* **Excerpted records**
+===+

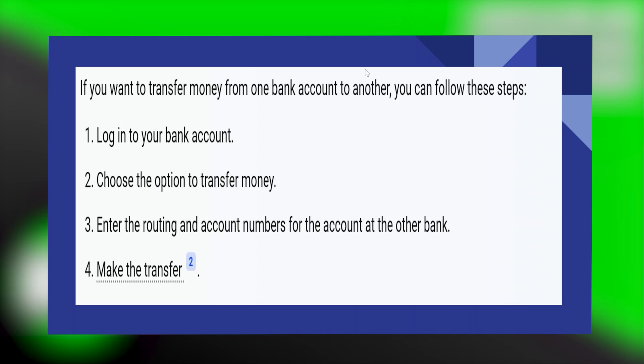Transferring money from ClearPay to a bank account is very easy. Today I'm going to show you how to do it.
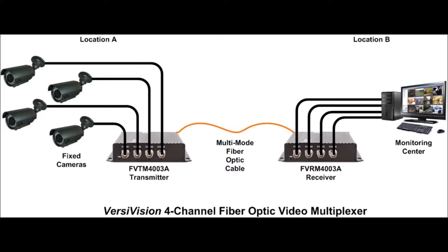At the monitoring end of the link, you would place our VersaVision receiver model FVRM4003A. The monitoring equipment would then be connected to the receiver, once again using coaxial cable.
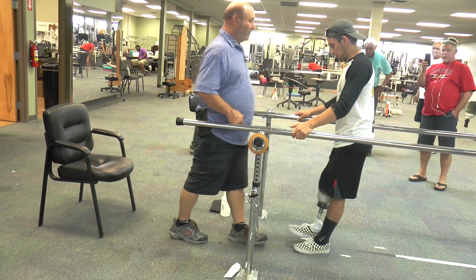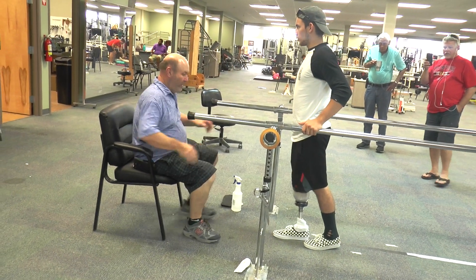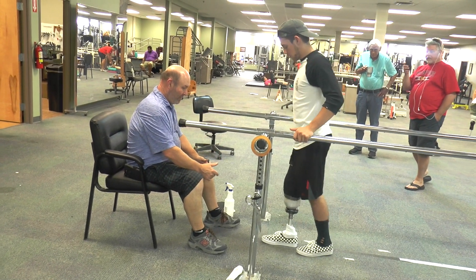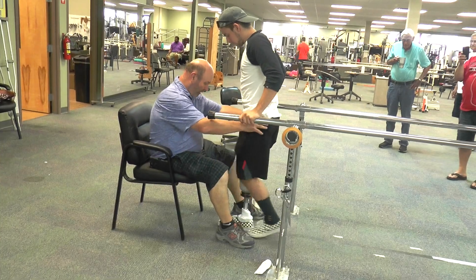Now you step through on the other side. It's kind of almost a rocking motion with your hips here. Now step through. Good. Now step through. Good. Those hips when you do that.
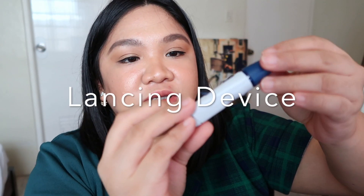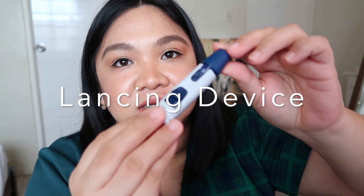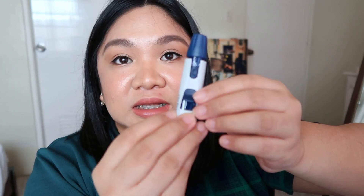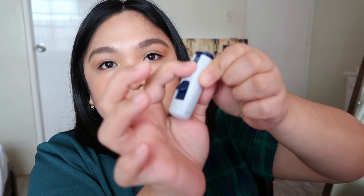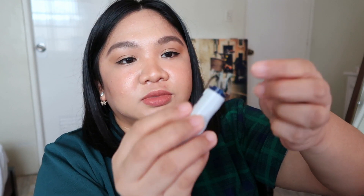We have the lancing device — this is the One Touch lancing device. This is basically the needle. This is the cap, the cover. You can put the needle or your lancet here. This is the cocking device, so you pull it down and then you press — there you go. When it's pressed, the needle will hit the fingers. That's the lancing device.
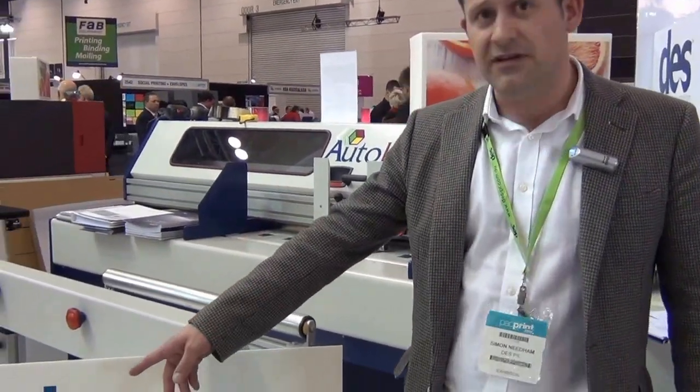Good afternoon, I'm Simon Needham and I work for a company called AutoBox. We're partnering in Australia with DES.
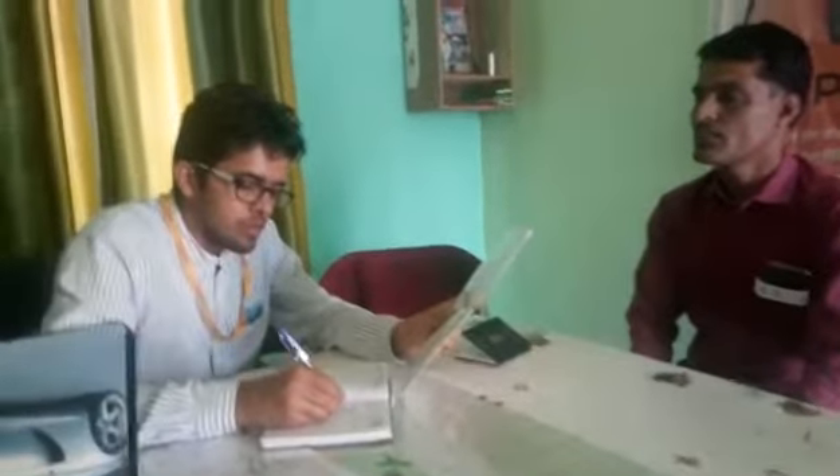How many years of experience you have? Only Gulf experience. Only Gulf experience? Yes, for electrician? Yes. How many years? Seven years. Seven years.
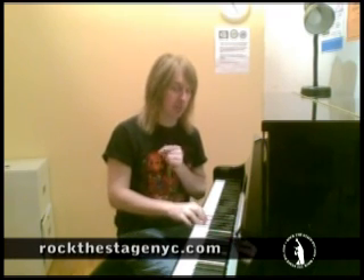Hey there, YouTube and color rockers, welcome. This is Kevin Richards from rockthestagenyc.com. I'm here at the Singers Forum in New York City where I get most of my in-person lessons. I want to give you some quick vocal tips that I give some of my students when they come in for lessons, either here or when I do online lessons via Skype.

+===+

Output exactly and only the lines from the line containing "Now you step" to the end of the entries, both included, and omit every picture.

Now you step through on the other side. It's kind of almost a rocking motion with your hips here. Now step through. Good. Now step through. Good. Those hips when you do that.
We have the lancing device — this is the One Touch lancing device. This is basically the needle. This is the cap, the cover. You can put the needle or your lancet here. This is the cocking device, so you pull it down and then you press — there you go. When it's pressed, the needle will hit the fingers. That's the lancing device.
Good afternoon, I'm Simon Needham and I work for a company called AutoBox. We're partnering in Australia with DES.
How many years of experience you have? Only Gulf experience. Only Gulf experience? Yes, for electrician? Yes. How many years? Seven years. Seven years.
Hey there, YouTube and color rockers, welcome. This is Kevin Richards from rockthestagenyc.com. I'm here at the Singers Forum in New York City where I get most of my in-person lessons. I want to give you some quick vocal tips that I give some of my students when they come in for lessons, either here or when I do online lessons via Skype.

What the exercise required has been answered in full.